(PROVIDED ENTRIES Opens)
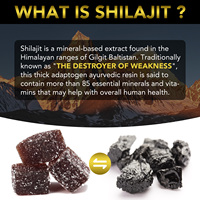 80P Bodywise Shilajit Gummies Extraits purs de plantes Himalaya Shilajit Gummies in Wild-Cultivated Bottle OEM Be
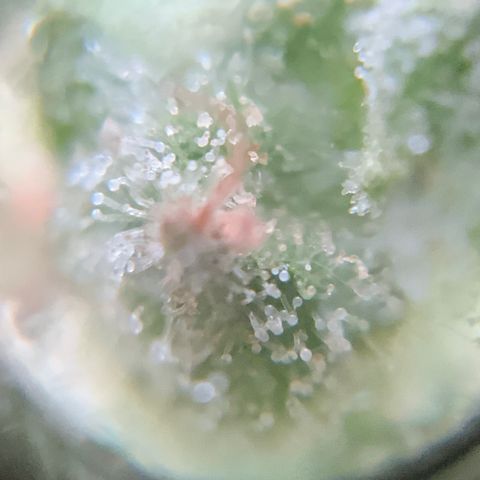White Widow 7/25 growlog photo: 9a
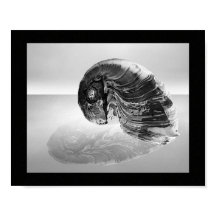 ブラックアンドホワイト シーシェル トロピカル プリントアート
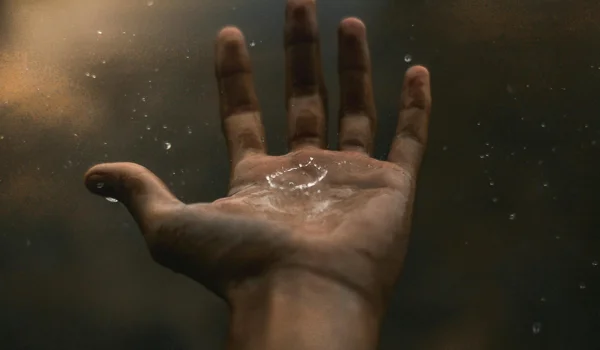 Markt- und Investment-Update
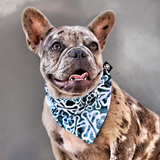 Surfs Up Bandana (Nylon Collar Not Included)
(PROVIDED ENTRIES Closes)
**PROBLEM:** The output should be the lines from the one with "Markt- und Investment-Update" through the end of the material above, both ends included, printed exactly and nothing else. Drop the pictures.

**EXERCISE SOLUTION:**
 Markt- und Investment-Update
 Surfs Up Bandana (Nylon Collar Not Included)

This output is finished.